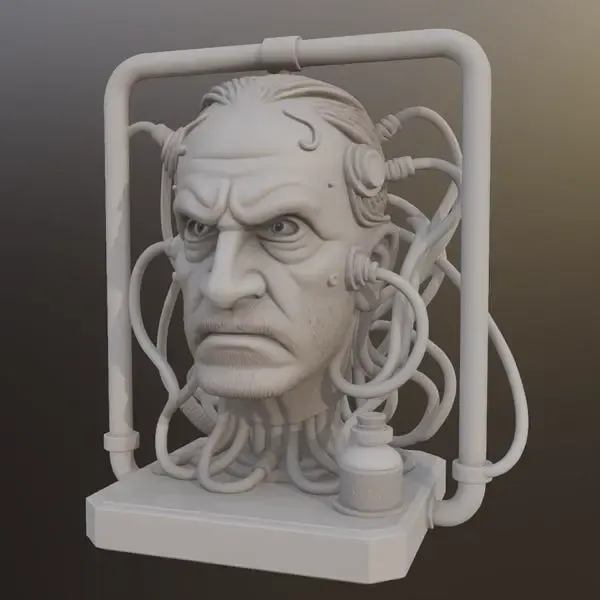 Buste de tête neural cyberpunk STL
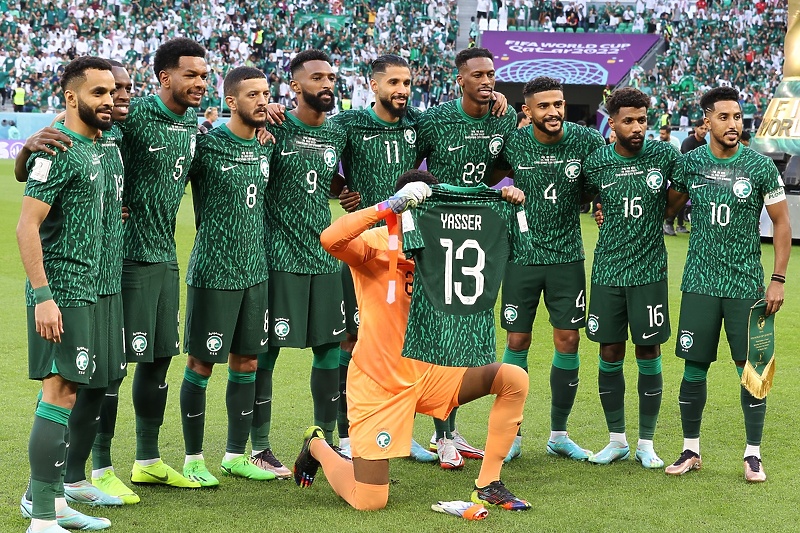 Nogometaši Saudijske Arabije pred utakmicu protiv Poljske (Foto: EPA-EFE)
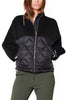 WOMEN'S SHORT JACKET IN BLACK CLOTH AND NYLON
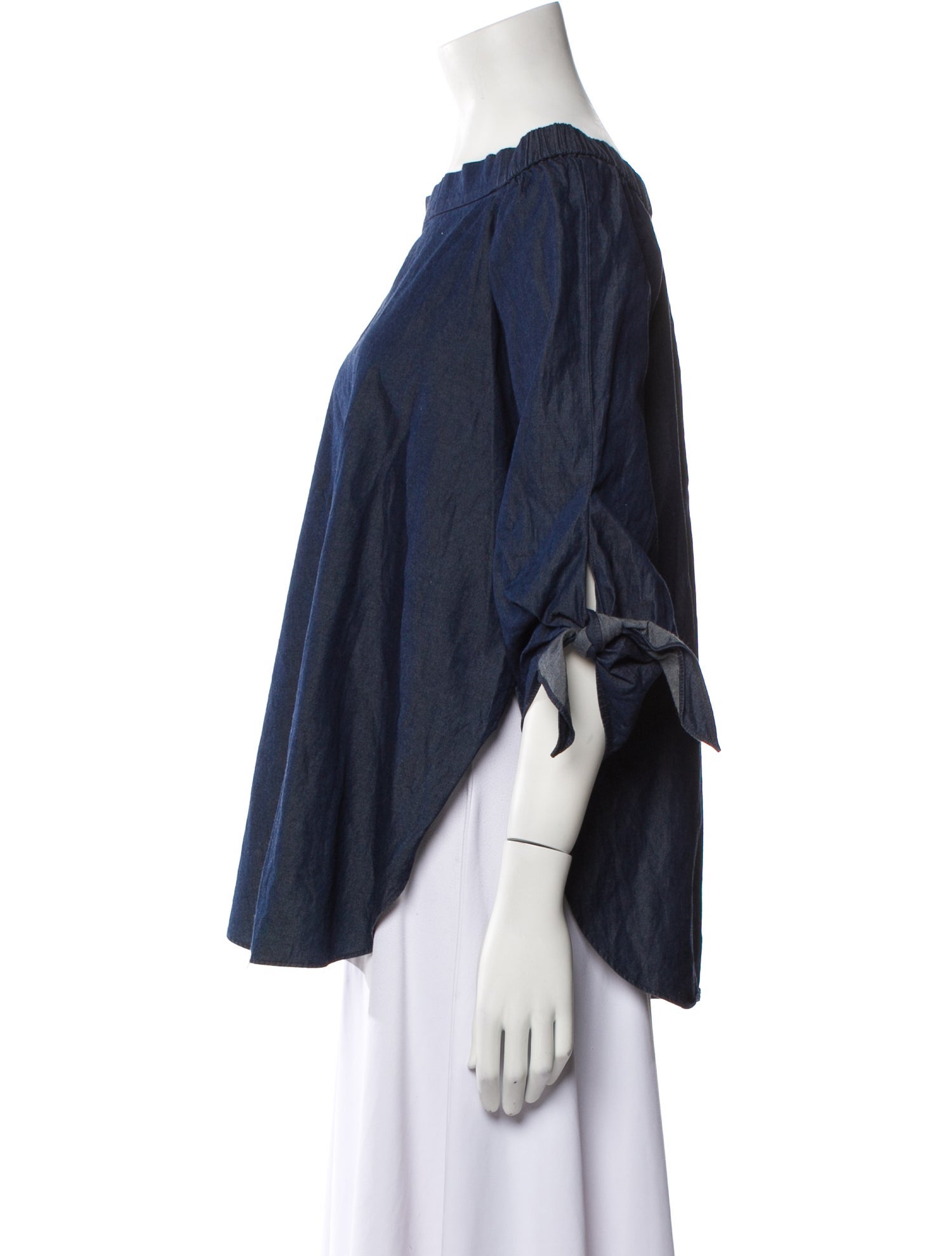 Tibi Bateau Neckline Three-Quarter Sleeve Blouse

Task item
Leave every picture out and set down exactly the lines running from the one with "Nogometaši Saudijske Arabije" to the last line of the material above.

Exercise answer
 Nogometaši Saudijske Arabije pred utakmicu protiv Poljske (Foto: EPA-EFE)
 WOMEN'S SHORT JACKET IN BLACK CLOTH AND NYLON
 Tibi Bateau Neckline Three-Quarter Sleeve Blouse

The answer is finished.